Inspiration
An Air cargo warehouse is one of the busiest places you can imagine. In an environment like this, chaos takes over at some point. This is why it is important to have an overview of where your pieces are at any time. However in reality locations of pieces are often unknown. This leads to high personal resources being blocked for searching pieces, a huge potential for process improvement is given away, and it can lead to high penalties if pieces can't be provided to authorities upon request. Indoor tracking of pieces in the warehouses with tracking technologies like GPS is usually very inaccurate and existing specialized tracking solutions are expensive and/or have to be permanently installed. Even if location data is available there is no standardized way to share this data at piece level. With our FindMyPiece App we want to address the Warehouse challenge and the open challenge.
What it does
With "FindMyPiece" we have created a simple solution that uses Apple Air Tags as fixed locations (anchors) at relevant locations, e.g. build up or general acceptance ramps. When a user captures a piece in FindMyPiece, the mobile app automatically detects the nearest Apple AirTag (IoTDevice in ONE Record), asks for the Location, and links the Piece to the Location via an ONE Record Event. This data is directly shared via ONE Record. To display the Location within the warehouse we display the journey of the piece in a web frontend. By selecting a piece, you can see all information like the weight of the piece or the shipper. Additionally you get a list with the locations and timestamps of the capture events. Next to it you see a map of the warehouse with the current piece location* highlighted in green and **previous locations connected by arrows that demonstrate the physical flow.
How we built it
- Ideas and the general concept were drafted using a miro board before the hackathon began.
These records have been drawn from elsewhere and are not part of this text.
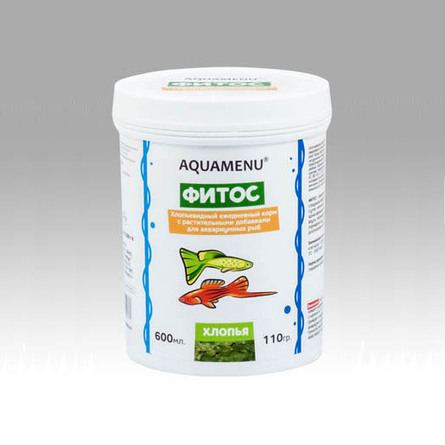 AQUAMENU Фитос сухой корм для растительноядных аквариумных рыб, 110 гр - фото 1
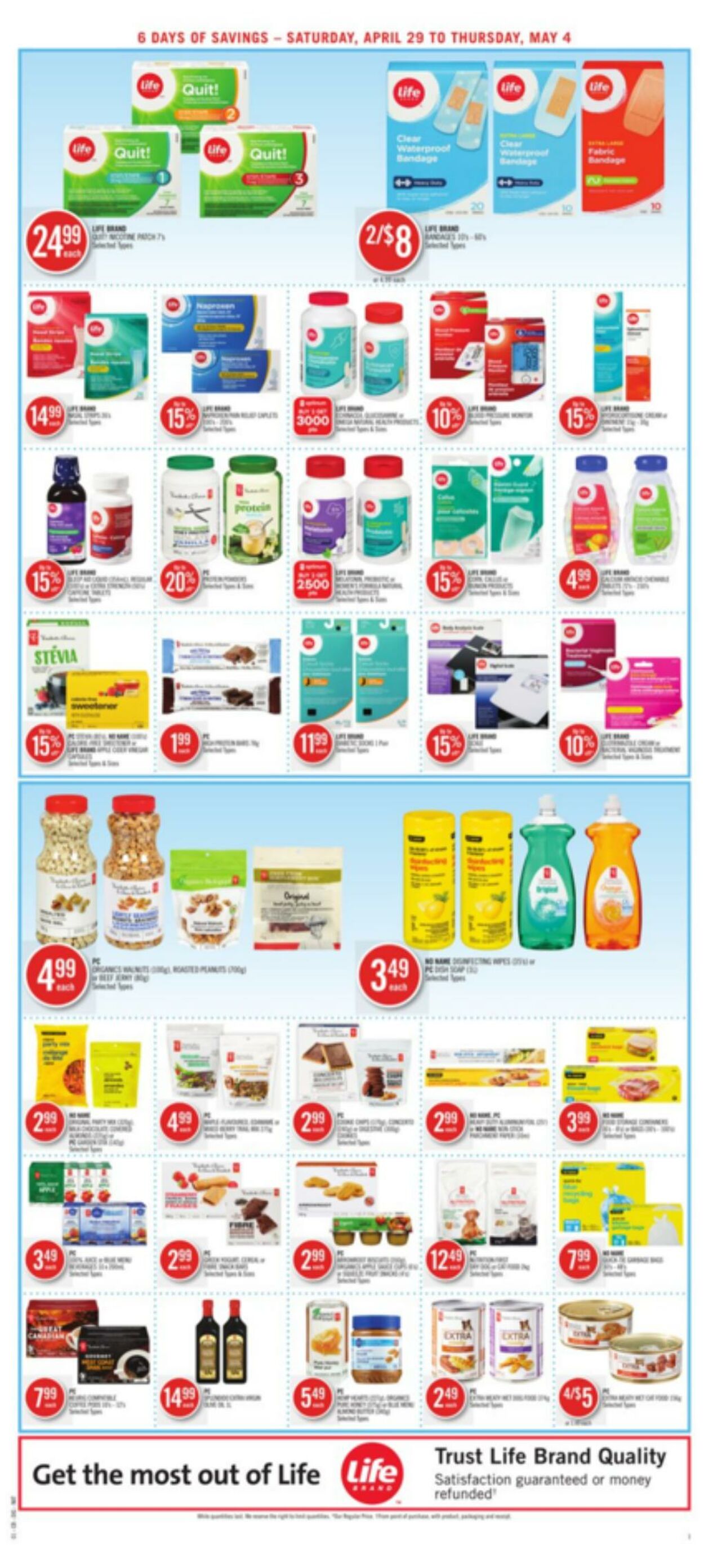 Circulaire Shoppers Drug Mart 29.04.2023 - 04.05.2023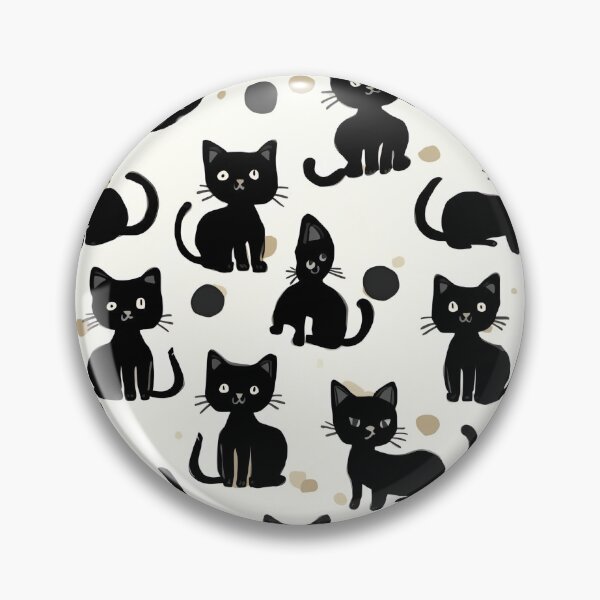 Item preview, Halloween Black Cats designed and sold by PatronesKawai.
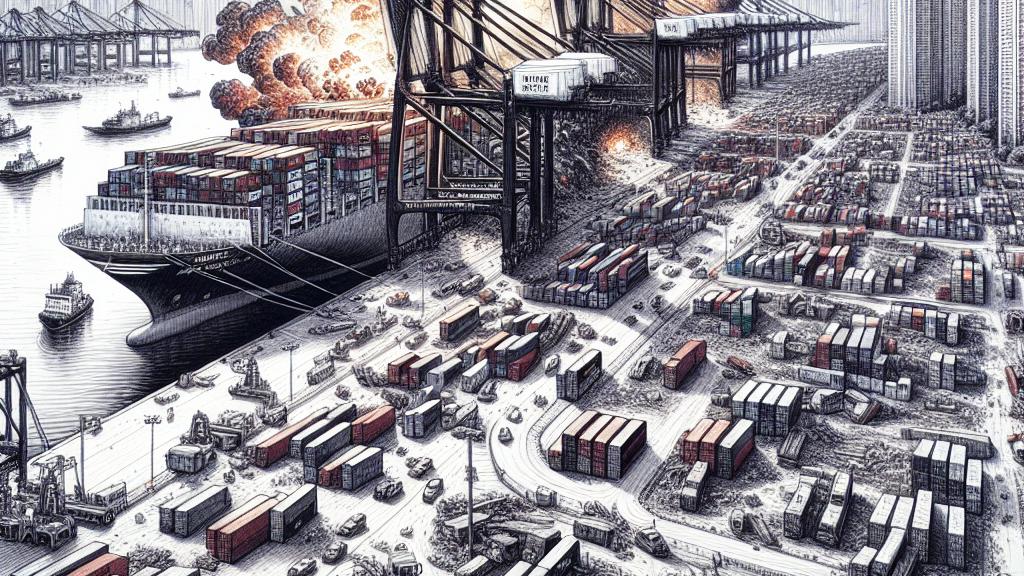 港の混乱: 中国の爆発が太平洋貿易に波紋を呼ぶ！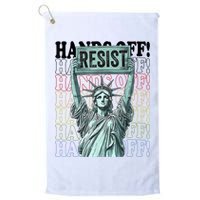 Resist Resistance Statue Of Liberty Hands Off Protest   Golf Towel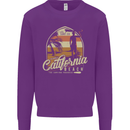 California Beach Surfing Surf Surfer Kids Sweatshirt Jumper Purple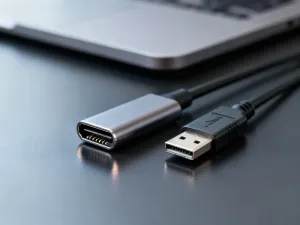 Nowoczesny laptop z klawiaturą i touchpadem w domowym biurze, gotowy do sprawdzenia ustawień łączności bezprzewodowej.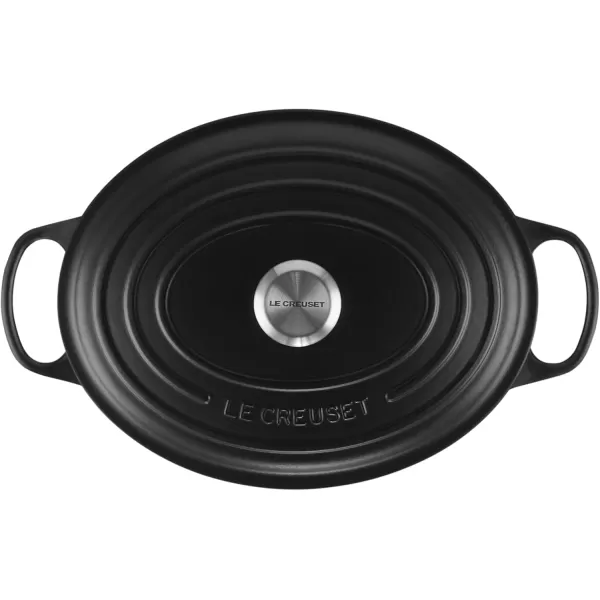 imageLe Creuset Enameled Cast Iron Signature Oval Dutch Oven 675 qt Sea SaltLicorice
- Tasks were distributed according to the individual expertise
- ONE Record Data Model was applied to our idea
Backend
To realize our solution FindMyPiece we used a variety of technologies: At the core we use the ONE Record Open Source Java Server in combination with a MongoDB database. Containerized with Dockers and deployed to the Microsoft Azure Cloud. This gave us the chance to use some of the benefits of ONE Record out of the box:
- Multi-tenant functionality We modeled three companies in ONE Record: (1) the shipper with its Pieces, (2) the warehouse owner with its location, and (3) The Piecel Collection as the service provider of FindMyPiece with its Apple AirTags as IoTDevices.
- JSON-LD as the data standard is in our locating algorithms written in Python as well as in our mobile app for Apple iOS and in our web frontend. Despite the wide range of technologies, using ONE Record was more or less plug and play.
- ONE Record events and Linked Data to realize real-time visibility by storing a capture events in one record and share them with the other stakeholders
WebFrontend
With FindMyPiece web frontend you have an eye on all the pieces in the warehouse on one single dashboard. Our web frontend (built with ReactJS) consists of four components.
- The individual pieces are fetched from the ONE Record Server and are then displayed in a list view.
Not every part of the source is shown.